Matthew Temple | September 2013

    Intonation is a critical component of music making. Students must understand how to match the pitch center of others in unison passages, and how to relate their pitch center to the lowest voices in harmonic passages. Being able to hear whether they are sharp or flat is only helpful if students have a broader understanding of how intonation works. The most musical performances demonstrate a clear attention to the integrity of pitch center at all times.

Systems of Tuning
    Prior to the late 16th century, many systems of tuning were in use, such as Pythagorean tuning and meantone temperament. The gradual acceptance of equal temperament radically changed the future of tuning systems. Equal temperament divided the octave into twelve equal half steps and finally allowed composers to write music that sounded suitable on fixed-pitch instruments in any key.
    The two systems of tuning that are most relevant to music performance today are equal temperament and just intonation. Electronic tuners and all fixed-pitch instruments (mallet percussion, piano, harp, etc.) use equal temperament. The natural acoustics of sound, however, operate according to the overtone series, which forms the basis for just intonation. To help students understand this difference, I describe equal temperament as being like a ladder with 12 equal rungs, while the system of just intonation results in a ladder with rungs that are not spaced evenly or symmetrically. In an ensemble, then, equal temperament is frequently used to tune individual pitches, and just intonation is used to tune intervals in melodic passages and harmonic structures. Understanding these two systems will greatly improve a student’s ability to address intonation problems.

The Overtone Series
    The overtone series results from sympathetic vibrations in the air when a given pitch is sounded. The first partial is referred to as the fundamental, which is the pitch that we hear. The overtones occur at regular intervals above the fundamental pitch according to the pattern at the top of the next page.
    To help students understand this scientific phenomenon, I demonstrate the overtone series on a piano. Select a low note that will serve as the fundamental pitch. Lightly depress the piano key an octave higher with your right hand to release the hammer, but without sounding the pitch. While holding down this note, strike the fundamental pitch loudly with your left hand and immediately release the key. The upper octave will vibrate sympathetically.
    Continue in the same fashion, depressing the next highest note in the overtone series each time with your right hand and then striking the fundamental pitch with your left hand. Depending upon how well in tune the piano is, some partials will sound louder than others. I can usually get all of the overtones to sound up to the 8th partial. Conversely, depressing the key of a note that is not in the overtone series will result in no sympathetic sound whatsoever.

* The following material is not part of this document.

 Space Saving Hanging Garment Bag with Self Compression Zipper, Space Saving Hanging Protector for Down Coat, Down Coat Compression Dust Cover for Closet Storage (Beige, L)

    You can also demonstrate the overtone series by playing any brass instrument for the class. Simply play every partial from the lowest note to the highest note for a given fingering. Brass instruments are built so that the fundamental pitch is typically a pedal tone, which is not always easy to produce. Explain to students that the first pitch of the overtone series on most brass instruments is actually the second partial.
    String instruments are also great for demonstrating the overtone series. Natural harmonics can be produced by laying a finger over a given string at the correct interval. Instead of pushing the string against the fret board, gently touch the string at the appropriate node. For example, the first overtone of an octave occurs at exactly half the total length of the string. All of the overtones can be produced by dividing the string into smaller and smaller segments.

Unison Tuning
    The characteristic color of each instrument is created by the relative presence or absence of harmonics from the overtone series. This is why tone and pitch center are so closely related. When tuning individual pitches, we align the fundamental frequency of a given pitch, which in turn, allows the sympathetic vibrations to align as well. When players match both the pitch and tone of their section, they have effectively strengthened the overtone series which results in a warm, vibrant sound. There is great truth to the adage, “To play in tune, one must play in tone.”

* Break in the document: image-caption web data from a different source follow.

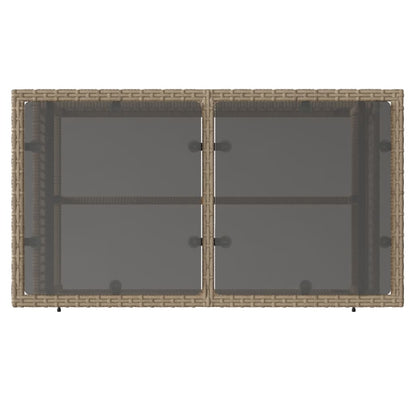 4-delige Loungeset met kussens poly rattan en glas beige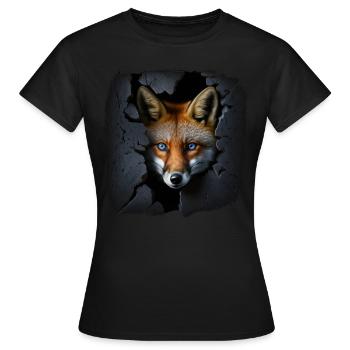 Fuchs Wand Blaue Augen Geschenk Tier Knuffig Süß - Frauen T-Shirt - Schwarz - Vorne - AI Model Female 172 dark (172cm)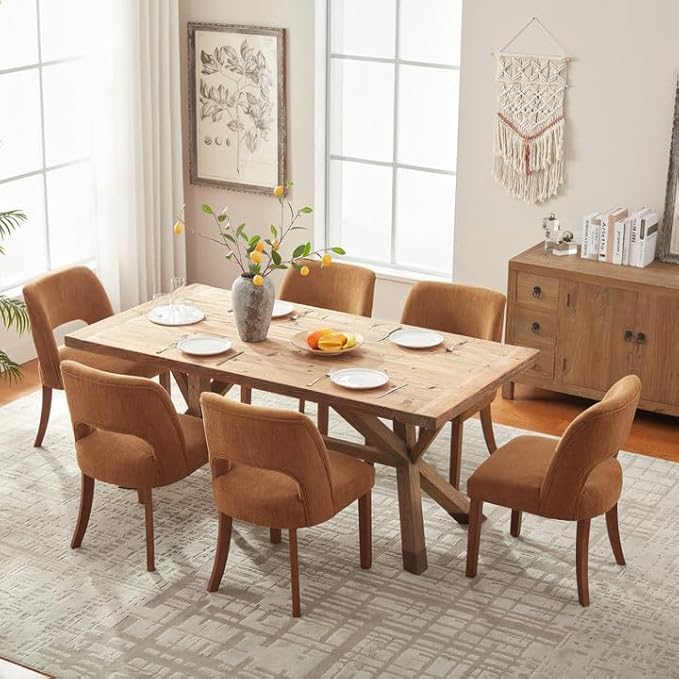 VKNOW Wooden Dining Chairs Set of 2, Modern Fabric Upholstered Dining Room Ch...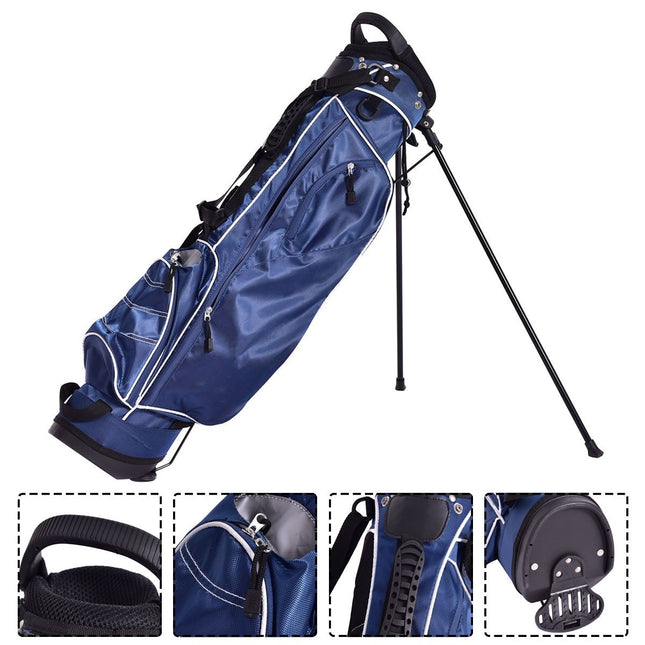 Golfový bag 9 palců, pencil bag, profesionální cestovní stand bag s oddílem na hlavy holí a popruhem-modrá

    I use electronic tuners at the beginning of rehearsal for tuning notes and occasionally during rehearsal to help tune the root of a given chord. I have students hum the pitch first to internalize it and then open their mouths to sing the pitch on a neutral syllable such as lah or tah. Students using a tuner should only look at it after they have established a steady, full sound on their instrument. I always emphasize producing their best sound first. Students need to learn how to match pitch center using their ears, not their eyes.

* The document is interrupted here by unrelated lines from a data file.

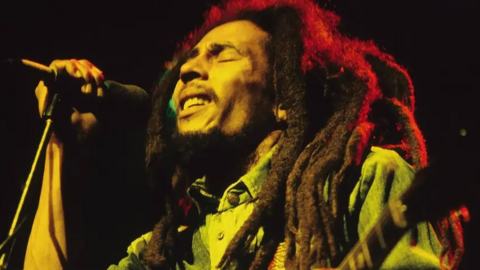 The reggae star Bob Marley. He is performing on stage and his eyes are closed as he grasps a microphone stand. 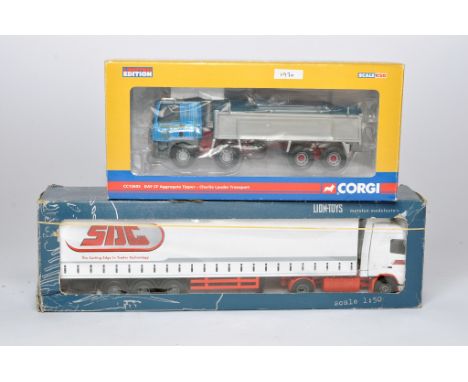 Corgi 1/50 diecast model truck issues comprising No. CC13605 DAF CF Tipper in the livery of Charlie Lauder PLUS Lion Toys iss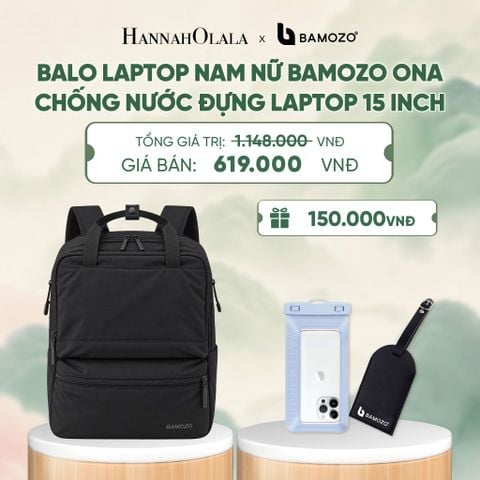  BALO LAPTOP NAM NỮ BAMOZO ONA CHỐNG NƯỚC ĐỰNG LAPTOP 15 INCH, BALO ĐI LÀM CÔNG SỞ SIÊU NHẸ (TAG THẺ DA CHỐNG THẤT LẠC + TÚI ĐỰNG ĐIỆN THOẠI CHỐNG NƯỚC) - A726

    When two pitches are not in tune, the unmatched wavelengths create nodes that sound as audible beats. The easiest way to teach students how to tune is to focus on eliminating these beats. As the beats get slower, the two pitches get closer to being in tune until eventually the beats disappear. It is easier to hear the beats on flute and saxophone, which makes them great for demonstration.
    Matching the pitch center in unison passages must begin with the people sitting next to each other, so I have students work on partner tuning. Students simply practice eliminating beats with one other person at a time. In addition to matching the pitch of their neighbor, they must match their tone and volume as well. This contributes toward the development of good blend as well as pitch center. If every student fulfills this responsibility, then a web of listening is created across the entire ensemble.
    By using this approach to tuning, it is initially unimportant whether students can tell if they are flat or sharp. This is an advanced skill that they can learn over time. As they get better at eliminating beats, I teach students to hear sharp pitches as being brighter and flat pitches as being dull. I encourage students to purposefully flatten their pitch or pinch it sharp so that they can physically feel the sensation in addition to hearing it.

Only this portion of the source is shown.